For example one of IEDs 104-112 may be a sensor monitoring a
voltage, one of IEDs 104-112 may be a sensor monitoring a
temperature, one of IEDs 104-112 may be a control system
controlling operation of a valve, etc. Each of IEDs 104-112
transmits appropriate data (e.g., a temperature measurement, a
voltage measurement, a position of a valve, etc.) according to the
type of IED that it is. Computing device 114 receives data from
IEDs 104-112 via communication interfaces 122. Computing device 114
then determines, based at least in part on the received data,
whether or not installation 102 is functioning properly. In some
embodiments, determining whether or not installation 102 is
functioning properly includes determining whether or not
installation 102 includes one or more counterfeit or fake IEDs.
[0018] More specifically, in the exemplary embodiment, computing
device 114 determines whether or not installation 102 is
functioning properly based on whether or not the received data from
each IED 104-112 conforms to operational parameter data 126 in
database 116 for each IED 104-112. Computing device 114 may compare
the content of received data to operational parameter data 126. For
example, if the content of the received data from one of IEDs
104-112 includes a temperature, computing device 114 may compare
the temperature to an expected range of temperatures, stored in
operational parameter data 126, for the particular one of IEDs
104-112 from which the data was received. If the temperature is
within the expected range, the temperature content does not
indicate a malfunction in installation 102 with respect to the IED
104-112 from which the data was received. If instead the
temperature falls outside the expected range, computing device 114
determines that installation 102 is not functioning properly. More
particularly, computing device determines that the particular one
of IEDs 104-112 from which the aberrant temperature data was
received is not functioning properly. It should be noted that the
range of expected values discussed herein does not necessarily
correspond to a range of values indicating proper and/or improper
operation of the system in which installation 102 is located.
Moreover, in some embodiments, computing device 114 includes deep
packet inspection instructions for retrieving the content of data
transmissions.
[0019] Additionally, or alternatively, computing device 114 may
compare characteristics of the received data to operational
parameter data 126. The characteristics may include, but are not
limited to, how often data is transmitted, a bit rate of a
transmission, a format of a data transmission, a protocol of a data
transmission, etc. For example, computing device 114 may compare
how often data is received from a particular one of IEDs 104-112.
This frequency is compared to an expected frequency, stored in
operational parameter data 126, for the particular one of IEDs
104-112 from which the data was received.
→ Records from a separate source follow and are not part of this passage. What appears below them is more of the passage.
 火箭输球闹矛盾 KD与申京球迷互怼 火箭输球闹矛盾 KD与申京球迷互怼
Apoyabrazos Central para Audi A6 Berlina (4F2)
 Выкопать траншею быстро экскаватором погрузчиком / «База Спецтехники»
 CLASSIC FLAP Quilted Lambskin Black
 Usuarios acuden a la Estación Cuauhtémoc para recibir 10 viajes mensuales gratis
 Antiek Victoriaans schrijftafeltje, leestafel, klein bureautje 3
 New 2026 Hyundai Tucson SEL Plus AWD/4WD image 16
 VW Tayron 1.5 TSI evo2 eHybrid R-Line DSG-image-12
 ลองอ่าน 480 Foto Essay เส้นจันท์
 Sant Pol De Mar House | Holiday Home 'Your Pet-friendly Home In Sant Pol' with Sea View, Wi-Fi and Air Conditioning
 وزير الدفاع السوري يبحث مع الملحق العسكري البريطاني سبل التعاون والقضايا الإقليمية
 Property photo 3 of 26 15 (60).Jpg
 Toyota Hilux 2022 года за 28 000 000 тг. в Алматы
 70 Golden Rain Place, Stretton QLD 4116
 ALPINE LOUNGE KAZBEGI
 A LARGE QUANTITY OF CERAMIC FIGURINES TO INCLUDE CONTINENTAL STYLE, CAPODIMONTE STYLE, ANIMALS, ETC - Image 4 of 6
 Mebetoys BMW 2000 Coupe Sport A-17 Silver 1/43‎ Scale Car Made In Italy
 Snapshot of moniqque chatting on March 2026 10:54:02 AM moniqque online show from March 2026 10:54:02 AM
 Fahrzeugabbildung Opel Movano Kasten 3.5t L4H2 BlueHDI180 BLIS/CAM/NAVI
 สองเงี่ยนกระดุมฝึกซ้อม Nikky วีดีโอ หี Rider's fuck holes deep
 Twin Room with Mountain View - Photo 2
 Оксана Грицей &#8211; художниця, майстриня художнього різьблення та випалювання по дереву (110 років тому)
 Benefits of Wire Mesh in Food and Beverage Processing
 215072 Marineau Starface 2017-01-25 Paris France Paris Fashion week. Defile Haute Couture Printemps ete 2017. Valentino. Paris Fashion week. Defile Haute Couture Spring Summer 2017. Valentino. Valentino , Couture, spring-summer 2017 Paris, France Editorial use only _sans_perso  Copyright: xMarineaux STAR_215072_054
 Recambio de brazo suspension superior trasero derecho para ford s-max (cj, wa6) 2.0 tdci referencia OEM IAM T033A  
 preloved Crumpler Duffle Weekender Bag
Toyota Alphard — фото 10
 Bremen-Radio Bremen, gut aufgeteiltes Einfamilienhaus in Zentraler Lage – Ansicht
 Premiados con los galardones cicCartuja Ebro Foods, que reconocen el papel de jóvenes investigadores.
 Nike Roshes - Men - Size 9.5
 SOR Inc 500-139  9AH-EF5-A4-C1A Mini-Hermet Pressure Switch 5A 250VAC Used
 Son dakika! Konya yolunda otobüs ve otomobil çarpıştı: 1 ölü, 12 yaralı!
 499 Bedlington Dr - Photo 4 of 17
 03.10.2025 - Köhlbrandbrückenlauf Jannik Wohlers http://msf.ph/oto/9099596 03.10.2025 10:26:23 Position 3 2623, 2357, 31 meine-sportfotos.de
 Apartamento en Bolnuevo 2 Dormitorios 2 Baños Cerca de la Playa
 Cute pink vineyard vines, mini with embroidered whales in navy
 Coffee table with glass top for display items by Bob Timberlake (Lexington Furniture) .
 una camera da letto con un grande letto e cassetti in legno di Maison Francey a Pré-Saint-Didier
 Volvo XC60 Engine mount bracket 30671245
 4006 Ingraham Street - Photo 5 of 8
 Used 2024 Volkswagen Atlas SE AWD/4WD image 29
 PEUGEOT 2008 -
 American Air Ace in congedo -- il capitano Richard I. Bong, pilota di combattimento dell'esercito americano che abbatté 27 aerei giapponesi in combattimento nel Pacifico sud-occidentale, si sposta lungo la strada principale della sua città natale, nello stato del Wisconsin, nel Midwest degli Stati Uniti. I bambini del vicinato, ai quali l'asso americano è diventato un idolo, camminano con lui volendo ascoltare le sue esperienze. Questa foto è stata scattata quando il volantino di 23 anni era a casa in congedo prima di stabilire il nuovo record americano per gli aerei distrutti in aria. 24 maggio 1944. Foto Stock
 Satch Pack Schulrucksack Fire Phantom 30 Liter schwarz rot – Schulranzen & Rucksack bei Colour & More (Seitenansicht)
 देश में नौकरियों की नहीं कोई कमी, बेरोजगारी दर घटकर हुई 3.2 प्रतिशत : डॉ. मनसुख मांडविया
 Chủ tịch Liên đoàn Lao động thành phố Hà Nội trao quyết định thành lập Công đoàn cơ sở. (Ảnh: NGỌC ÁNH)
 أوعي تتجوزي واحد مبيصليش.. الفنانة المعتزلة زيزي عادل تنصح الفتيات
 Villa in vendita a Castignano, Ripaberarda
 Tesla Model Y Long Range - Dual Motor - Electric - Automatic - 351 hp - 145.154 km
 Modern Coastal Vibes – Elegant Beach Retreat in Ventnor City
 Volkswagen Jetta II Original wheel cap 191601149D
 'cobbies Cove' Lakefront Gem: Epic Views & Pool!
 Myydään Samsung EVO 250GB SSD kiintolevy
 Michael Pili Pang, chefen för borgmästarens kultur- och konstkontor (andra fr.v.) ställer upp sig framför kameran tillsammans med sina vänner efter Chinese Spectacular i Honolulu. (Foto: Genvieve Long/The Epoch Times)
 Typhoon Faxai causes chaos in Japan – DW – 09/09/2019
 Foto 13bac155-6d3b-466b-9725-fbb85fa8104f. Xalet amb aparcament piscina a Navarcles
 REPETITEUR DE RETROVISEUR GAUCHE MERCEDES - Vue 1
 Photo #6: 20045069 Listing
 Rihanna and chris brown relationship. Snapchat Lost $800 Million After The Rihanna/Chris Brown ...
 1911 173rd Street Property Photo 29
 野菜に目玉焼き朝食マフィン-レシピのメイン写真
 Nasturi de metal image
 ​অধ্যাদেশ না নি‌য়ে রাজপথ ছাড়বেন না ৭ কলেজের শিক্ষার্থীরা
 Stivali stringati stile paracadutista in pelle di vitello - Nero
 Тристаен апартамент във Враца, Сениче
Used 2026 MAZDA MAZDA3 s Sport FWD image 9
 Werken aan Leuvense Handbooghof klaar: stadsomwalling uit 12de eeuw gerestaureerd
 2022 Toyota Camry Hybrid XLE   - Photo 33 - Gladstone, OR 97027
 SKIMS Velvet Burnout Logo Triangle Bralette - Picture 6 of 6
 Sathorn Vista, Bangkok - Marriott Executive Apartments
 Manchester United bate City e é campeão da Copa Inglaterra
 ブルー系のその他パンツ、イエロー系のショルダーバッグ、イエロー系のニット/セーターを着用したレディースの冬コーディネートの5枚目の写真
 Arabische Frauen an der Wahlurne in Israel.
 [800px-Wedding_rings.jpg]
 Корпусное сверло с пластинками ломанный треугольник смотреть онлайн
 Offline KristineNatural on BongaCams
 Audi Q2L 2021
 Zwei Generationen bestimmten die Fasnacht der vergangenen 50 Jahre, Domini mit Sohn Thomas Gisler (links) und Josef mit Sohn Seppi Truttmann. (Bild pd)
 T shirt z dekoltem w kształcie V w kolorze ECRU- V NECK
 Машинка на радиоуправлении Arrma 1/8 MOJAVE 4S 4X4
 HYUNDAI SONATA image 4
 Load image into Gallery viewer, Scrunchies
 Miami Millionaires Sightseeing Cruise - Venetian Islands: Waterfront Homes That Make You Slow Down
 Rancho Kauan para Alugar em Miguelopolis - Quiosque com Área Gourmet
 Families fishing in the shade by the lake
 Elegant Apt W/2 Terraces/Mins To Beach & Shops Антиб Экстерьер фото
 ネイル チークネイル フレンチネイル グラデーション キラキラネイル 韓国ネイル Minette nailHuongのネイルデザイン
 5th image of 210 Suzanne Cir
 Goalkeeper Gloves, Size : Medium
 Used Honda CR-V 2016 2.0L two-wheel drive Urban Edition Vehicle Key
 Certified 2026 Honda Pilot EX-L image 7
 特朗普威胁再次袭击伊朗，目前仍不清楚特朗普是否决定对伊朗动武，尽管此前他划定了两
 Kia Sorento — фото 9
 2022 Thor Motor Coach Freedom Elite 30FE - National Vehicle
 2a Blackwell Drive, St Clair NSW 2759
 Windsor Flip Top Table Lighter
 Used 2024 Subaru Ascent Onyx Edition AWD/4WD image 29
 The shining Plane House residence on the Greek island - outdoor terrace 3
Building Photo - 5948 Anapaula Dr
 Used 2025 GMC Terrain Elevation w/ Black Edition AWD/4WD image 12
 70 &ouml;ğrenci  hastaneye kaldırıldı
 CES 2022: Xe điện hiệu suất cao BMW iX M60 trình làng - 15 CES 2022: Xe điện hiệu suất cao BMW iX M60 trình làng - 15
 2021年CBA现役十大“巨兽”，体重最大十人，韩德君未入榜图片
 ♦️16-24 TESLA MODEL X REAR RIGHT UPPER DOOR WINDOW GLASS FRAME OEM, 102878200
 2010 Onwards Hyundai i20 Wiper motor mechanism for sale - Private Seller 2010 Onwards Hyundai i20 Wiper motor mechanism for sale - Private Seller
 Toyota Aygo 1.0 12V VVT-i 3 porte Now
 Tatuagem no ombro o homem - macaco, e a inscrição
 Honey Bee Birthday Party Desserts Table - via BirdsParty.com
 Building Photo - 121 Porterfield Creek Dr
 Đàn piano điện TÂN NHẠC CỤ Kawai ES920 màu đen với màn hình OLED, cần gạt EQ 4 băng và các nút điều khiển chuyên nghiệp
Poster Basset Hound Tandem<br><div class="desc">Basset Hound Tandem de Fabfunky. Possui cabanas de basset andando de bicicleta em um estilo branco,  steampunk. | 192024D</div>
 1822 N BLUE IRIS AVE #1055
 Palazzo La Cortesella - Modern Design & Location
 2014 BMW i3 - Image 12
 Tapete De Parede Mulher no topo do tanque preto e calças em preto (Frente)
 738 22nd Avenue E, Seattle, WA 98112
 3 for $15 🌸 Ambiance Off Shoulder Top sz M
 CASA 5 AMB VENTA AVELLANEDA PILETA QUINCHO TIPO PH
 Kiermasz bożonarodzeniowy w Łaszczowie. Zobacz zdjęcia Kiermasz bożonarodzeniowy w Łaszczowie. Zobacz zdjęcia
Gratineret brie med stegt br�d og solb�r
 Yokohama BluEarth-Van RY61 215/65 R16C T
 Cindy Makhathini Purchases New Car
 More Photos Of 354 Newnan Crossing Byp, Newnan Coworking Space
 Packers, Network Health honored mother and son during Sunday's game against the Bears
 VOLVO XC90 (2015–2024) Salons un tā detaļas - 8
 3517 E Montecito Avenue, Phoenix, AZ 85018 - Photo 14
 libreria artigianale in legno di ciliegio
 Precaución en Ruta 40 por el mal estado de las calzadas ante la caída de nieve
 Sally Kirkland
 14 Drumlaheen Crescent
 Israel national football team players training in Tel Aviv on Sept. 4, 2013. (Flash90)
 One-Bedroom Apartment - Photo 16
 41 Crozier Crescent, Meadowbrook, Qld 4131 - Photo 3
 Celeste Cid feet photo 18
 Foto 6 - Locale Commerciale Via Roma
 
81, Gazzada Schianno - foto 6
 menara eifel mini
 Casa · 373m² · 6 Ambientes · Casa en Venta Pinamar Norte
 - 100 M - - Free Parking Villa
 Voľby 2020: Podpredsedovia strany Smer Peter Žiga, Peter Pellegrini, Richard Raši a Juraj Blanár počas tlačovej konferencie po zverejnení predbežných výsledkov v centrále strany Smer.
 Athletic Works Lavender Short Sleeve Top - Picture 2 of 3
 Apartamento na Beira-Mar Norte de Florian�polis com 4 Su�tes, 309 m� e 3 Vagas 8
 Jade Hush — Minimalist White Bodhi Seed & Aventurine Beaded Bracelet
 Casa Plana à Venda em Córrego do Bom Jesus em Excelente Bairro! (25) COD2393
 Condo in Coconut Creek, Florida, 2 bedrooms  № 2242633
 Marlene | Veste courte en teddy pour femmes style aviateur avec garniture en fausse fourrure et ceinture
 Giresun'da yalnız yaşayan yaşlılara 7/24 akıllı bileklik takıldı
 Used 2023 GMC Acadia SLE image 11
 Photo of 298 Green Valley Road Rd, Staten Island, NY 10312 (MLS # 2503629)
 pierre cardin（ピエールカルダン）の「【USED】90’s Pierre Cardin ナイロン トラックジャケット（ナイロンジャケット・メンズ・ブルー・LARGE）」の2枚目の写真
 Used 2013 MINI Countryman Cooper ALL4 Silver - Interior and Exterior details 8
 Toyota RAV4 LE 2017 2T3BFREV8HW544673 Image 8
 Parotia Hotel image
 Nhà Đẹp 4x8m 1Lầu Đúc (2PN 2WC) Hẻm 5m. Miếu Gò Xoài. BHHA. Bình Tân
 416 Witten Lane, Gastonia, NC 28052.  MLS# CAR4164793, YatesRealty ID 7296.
If the frequency is
substantially the same as the expected frequency, a malfunction of
installation 102 is not indicated by the frequency at which data
was received from that one of IEDs 104-112. If instead the
frequency differs from the expected frequency, computing device 114
determines that installation 102 is not functioning properly. More
particularly, computing device determines that the particular one
of IEDs 104-112 that is transmitting data at a different frequency
than expected is not functioning properly.
[0020] In some embodiments, computing device 114 determines, based
at least in part on the received data, whether or not one or more
of IEDs 104-112 is a counterfeit or fake IED. Computing device 114
may determine whether or not the received data conforms to
operational parameter data 126 and/or may compare characteristics
of the received data to operational parameter data 126. If the
received data for an IED does not conform to operational parameter
data 126 or does not have the expected characteristics, computing
device may identify the IED 104-112 from which the data was
received as a potential counterfeit IED. Moreover, computing device
114 may compare received data from IEDs 104-112 to historical data
for each IED 104-112. If the received data or its characteristics
deviate from historical values and/or characteristics, the
particular IED 104-112 from which the deviant data has been
received may be identified as a counterfeit IED. Further, if data
is received from a particular IED 104-112 for which computing
device 114 has no records, the particular device transmitting the
data may be identified as a counterfeit IED.
[0021] In the exemplary embodiment, computing device 114 is
configured to intercept data transmissions from IEDs 104-112 at
multiple points between each IED 104-112 and computing device 114.
A data transmission intercepted at one point in installation 102
may be compared to the same data transmission intercepted at a
different point in installation 102 to determine whether or not
installation 102 is functioning properly. For example, in the
exemplary embodiment, computing device 114 includes a
communications interface 132 for receiving a data transmission at
points 134 and 136 of installation 102. A data transmission from
IED 104 may be intercepted at points 134 and 136 and compared. If
the intercepted data transmission is not substantially the same at
both points 134 and 136 (e.g., it has been corrupted), computing
device 114 determines that installation 102 is not functioning
properly. Moreover, computing device 114 may determine that
installation 102 is not functioning properly somewhere between
points 134 and 136. Although only two points 134 and 136 are shown
in the FIG. 1, computing device 114 may be coupled to any number of
locations within installation 102 to intercept data
transmissions.
[0022] FIG. 2 is a block diagram of an exemplary system 200 for use
in troubleshooting an installation 102 of IEDs 104-112. System 200
is similar to system 100 and the same reference numbers will be
used to represent common components.
[0023] In the exemplary embodiment shown in FIG. 2, computing
device 114 is not separately connected to points 134 and 136 to
intercept data transmissions at points 134 and 136. Rather, system
200 includes an inspection module 202. Inspection module 202 is a
computing device including a memory device 204 and a processor 206
coupled to memory device 204 for executing instructions. Inspection
module 202 is coupled to points, such as point 134, of installation
102 via a communications interface 208 to intercept data
transmissions from IEDs 104-112.
[0024] In some embodiments, executable instructions are stored in
memory device 204. Inspection module 202 performs one or more
operations described herein by programming processor 206. For
example, processor 206 may be programmed by encoding an operation
as one or more executable instructions and providing the executable
instructions in memory device 204. Processor 206 may include one or
more processing units (e.g., in a multi-core configuration).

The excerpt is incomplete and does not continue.